Meta-analysis statistical analyses
Comprehensive Meta-Analysis Version 3.0 [20] was used for all analyses. Significance was set at p < 0.05.
Main meta-analytic models
The main model required at least two distinct studies within a brain region per metabolite. For longitudinal studies, only baseline data were included to maintain independence of data [19]. If a study had more than 1 measurement within the same brain region, the data were treated as independent [19]. A remove-one analysis was performed as a sensitivity analysis to assess the impact of each study individually on the overall estimate; additionally, this was used to check for the influence of studies with multiple groups within the same brain region.

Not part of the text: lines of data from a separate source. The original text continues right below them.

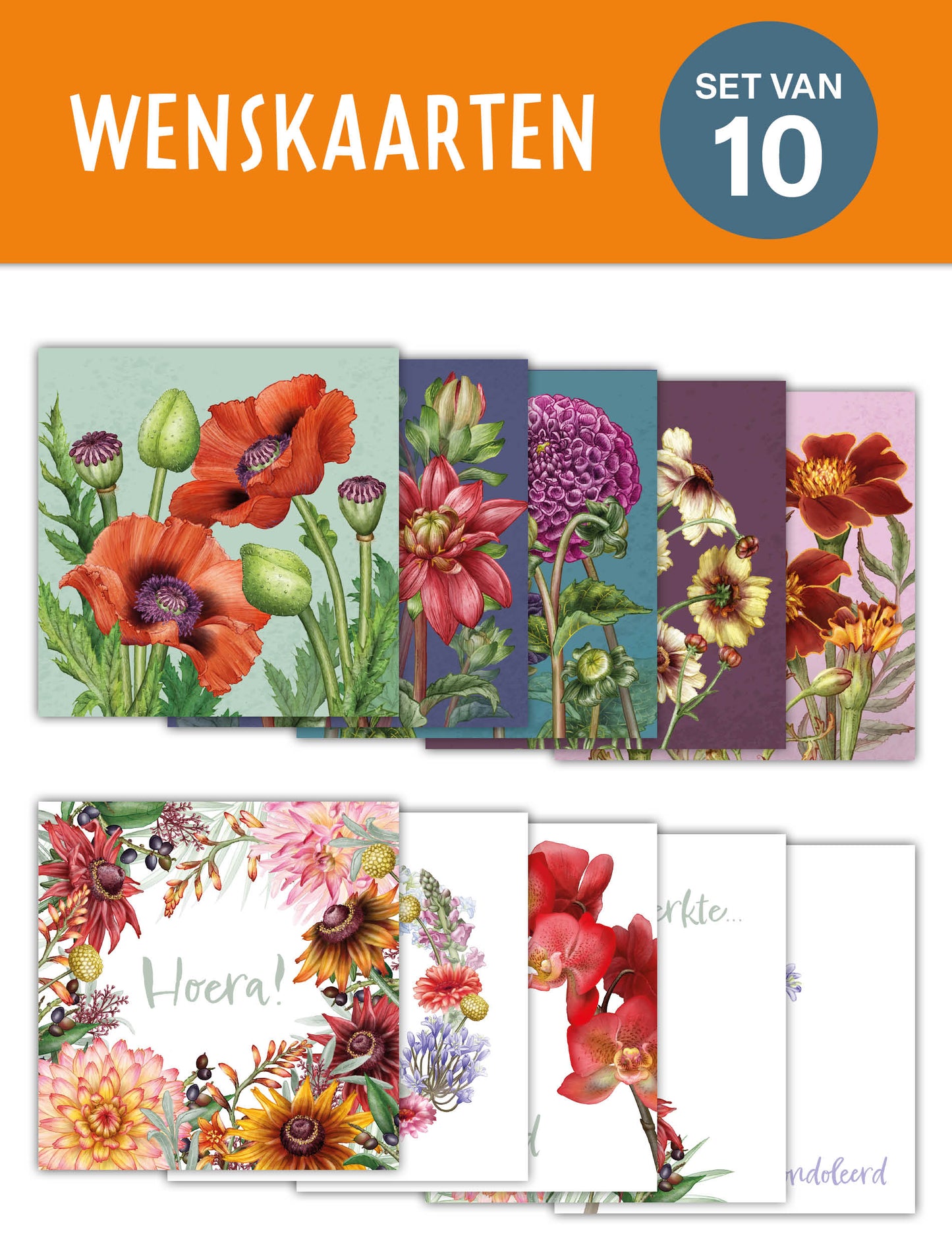 Wenskaarten | diverse soorten en pakketten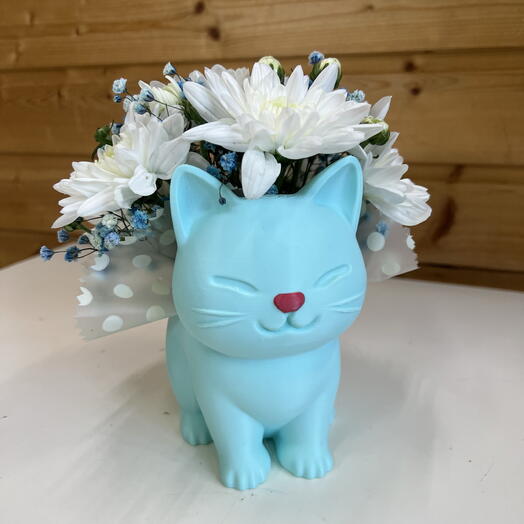 Котик голубой с хризантемой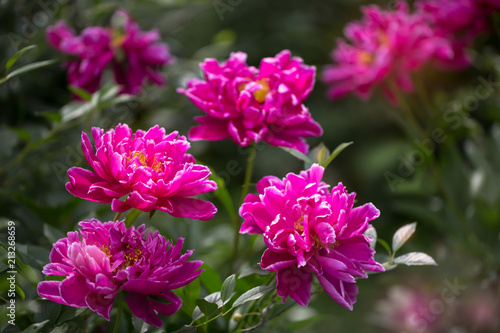 crimson peonies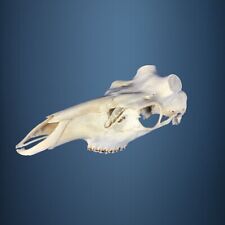 455SKU Teschio di cervo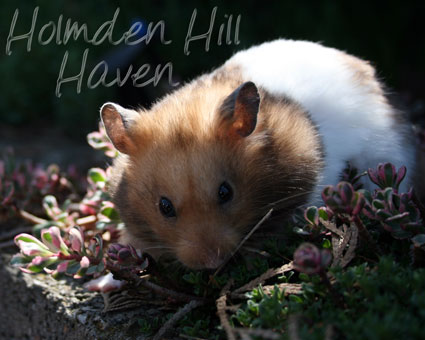 Triad- Yellow Black Banded Shorthaired Syrian Hamster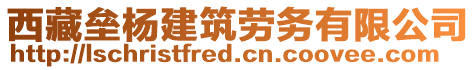 西藏壘楊建筑勞務(wù)有限公司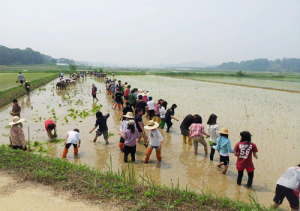 홍성군 홍동, 친환경 농사체험 일손으로 ‘북적’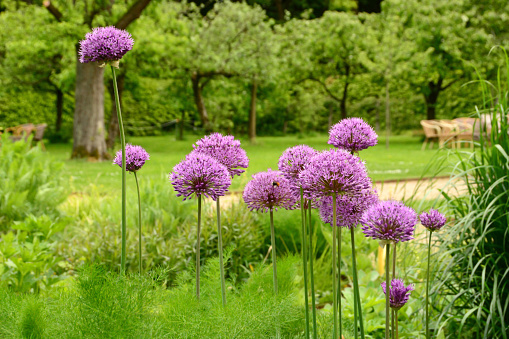 Ornamental garden: Large group of blooming Onion flower in color purple. Aerial view,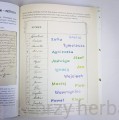 Genealogia dla najmłodszych, czyli wyjątkowa podróż w czasie 2_ksiegarniaksiazkiprzyherbacie.jpg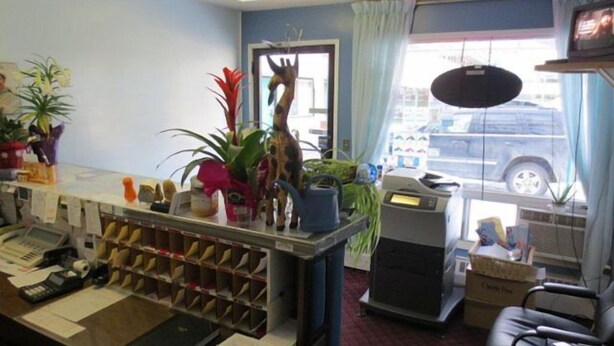 A reception desk with a computer, phone, and various office supplies. There are plants on the desk and shelves, and a window with a view of the street.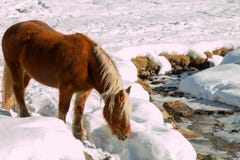 Haflinger horse goes drinking on the snow Stock Photos Haflinger horse goes drinking on the snow Stock Photos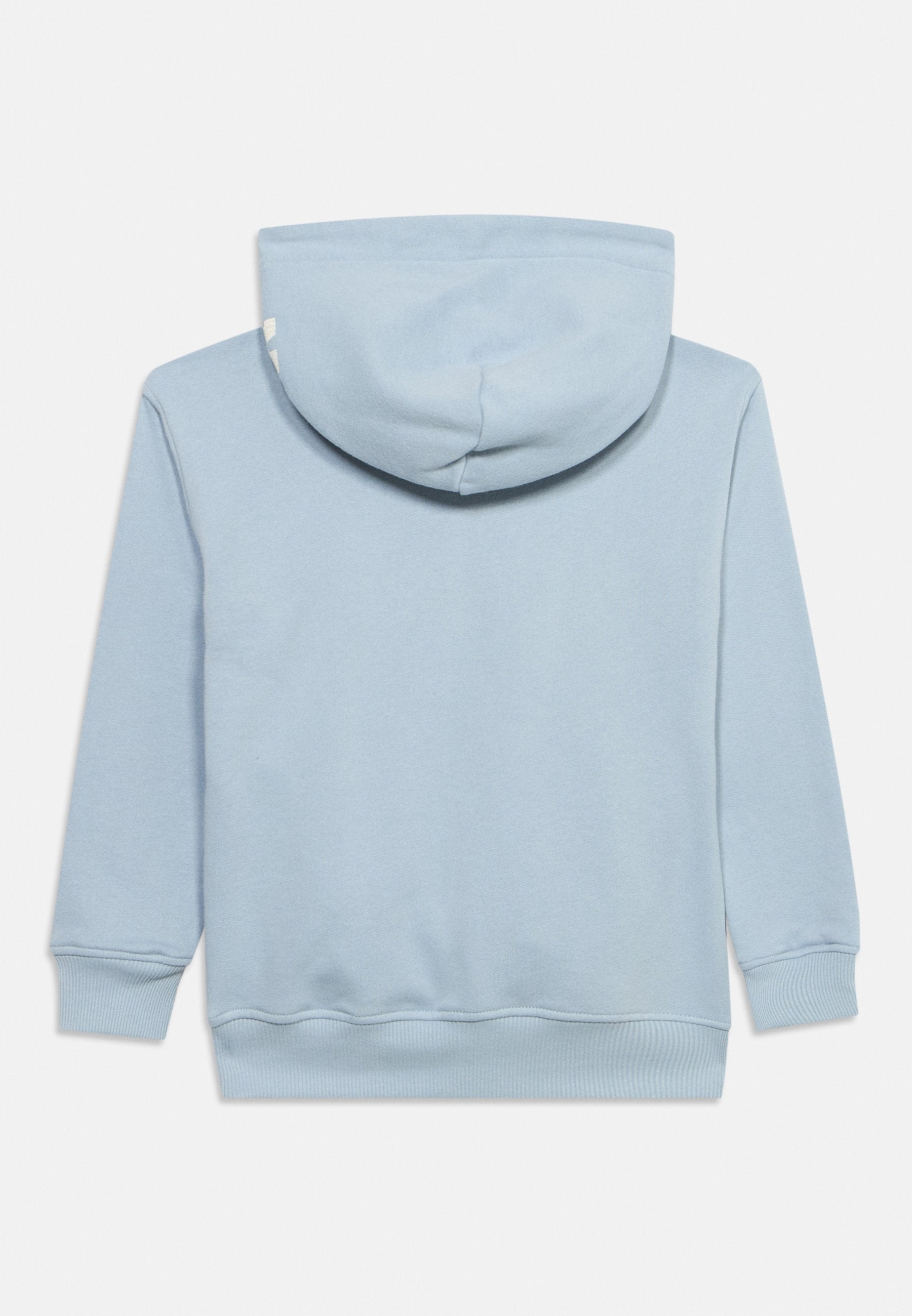 Abercrombie & Fitch PULLOVER HOODIE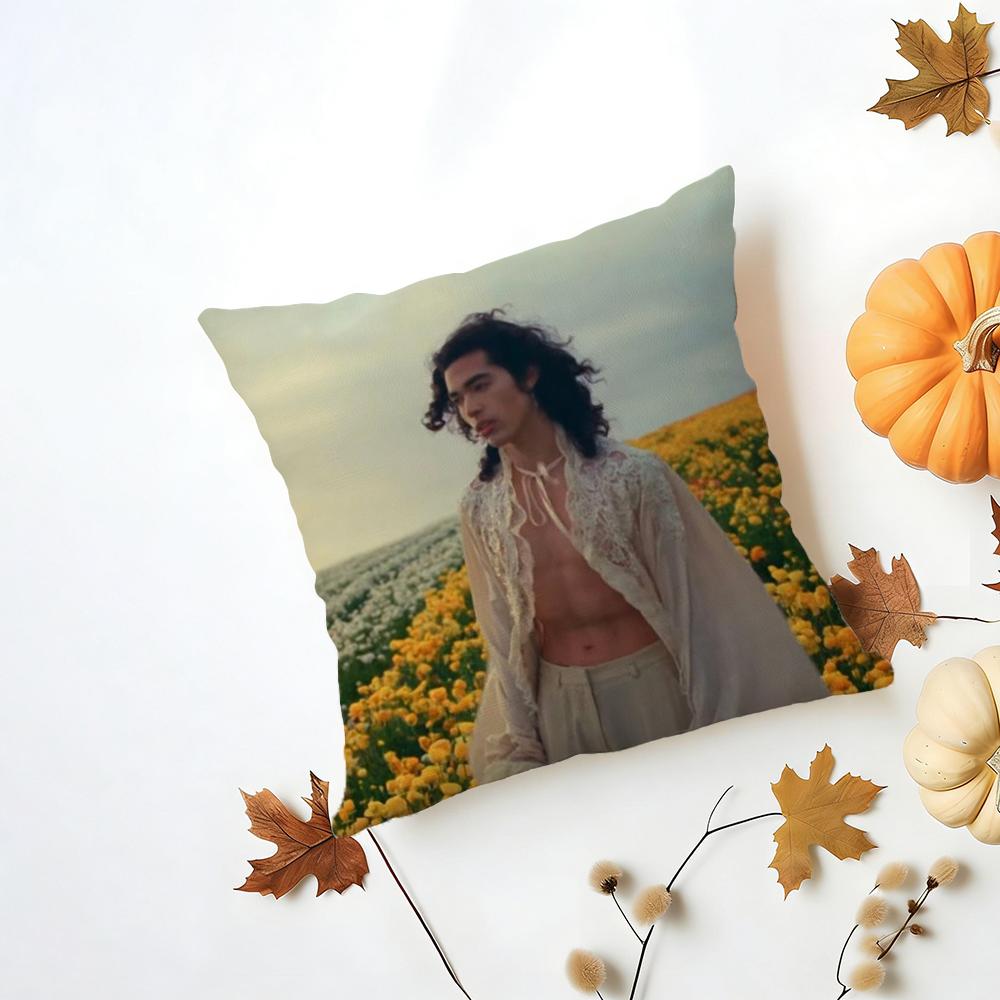 Conan Gray Holidays Cushion Cover Iceland Washable Linen Soft  for Daily Sofa Bed Home Room Decor
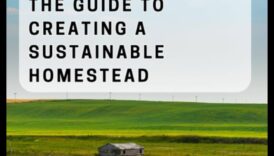 حصاد روح الفريق برهان للزراعة المستدامة 2 Harvest Harmony II: مواصلة الاحتفال بجمال الأراضي الزراعية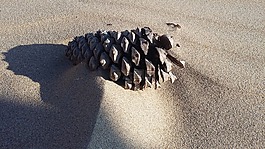 海灘,關(guān)閉,沙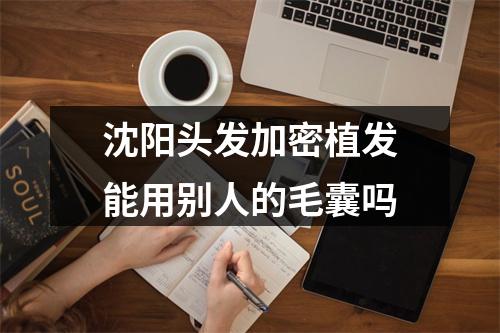 沈阳头发加密植发能用别人的毛囊吗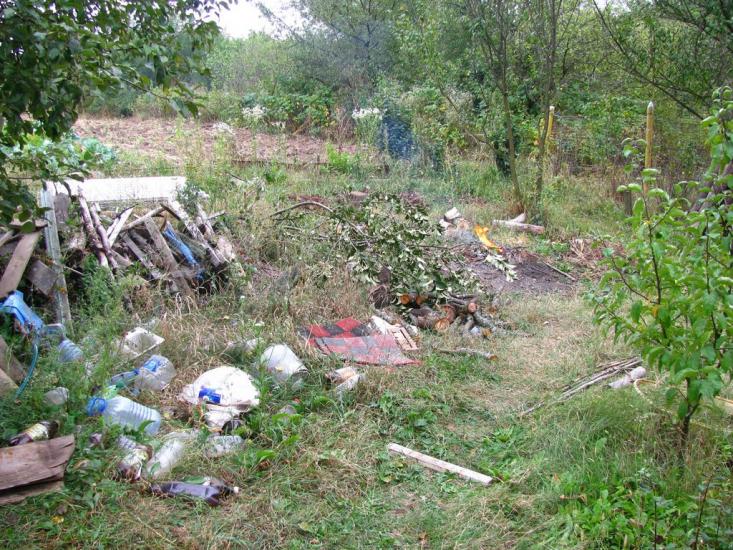 Циркуни з panoramio.com - Циркуни
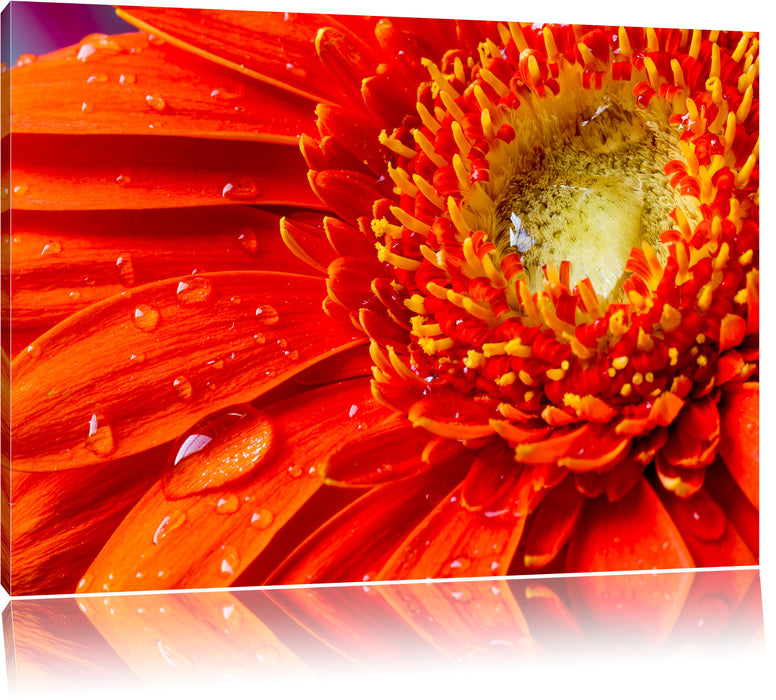 Pixxprint Wunderschöne Gerberablüte, Leinwandbild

Hedges’ g (unbiased standardized mean difference estimate) was used as the measure of effect size [21] with random-effects modeling [22]. Heterogeneity within studies was assessed through the Cochran’s Q, I2, tau, and tau2 statistics. Publication bias was assessed in models with >2 studies by: (1) funnel plots, (2) Duval and Tweedie trim and fill method [23]; and (3) Egger’s regression [24]. See Supplementary Materials for more details.
Sub-group analyses
The sub-group analyses required at least two studies within each group and ten studies between groups [22, 25]. Random-effects modeling with pooled estimates was used [22, 26]. Two sub-group analyses examined the potential effects of (1) treatment-seeking status (treatment-seeking v. naïve/non-treatment seeking) and (2) quantification type (absolute v. relative concentration) on effect sizes. Treatment-seeking status may be a proxy for severity of alcohol use [27,28,29,30], potentially affecting neurometabolic alterations [31,32,33]. Treatment-seeking status was applied to a study if it was explicitly described in the text, which ranged from stating the participants were seeking treatment to stating that participants were recruited from alcohol-specific programs, clinics, or hospitals. If it was not explicitly stated, studies were labeled as treatment-naïve (explicitly stated) or non-treatment seeking samples (if not explicitly stated as treatment-seeking or treatment-naïve).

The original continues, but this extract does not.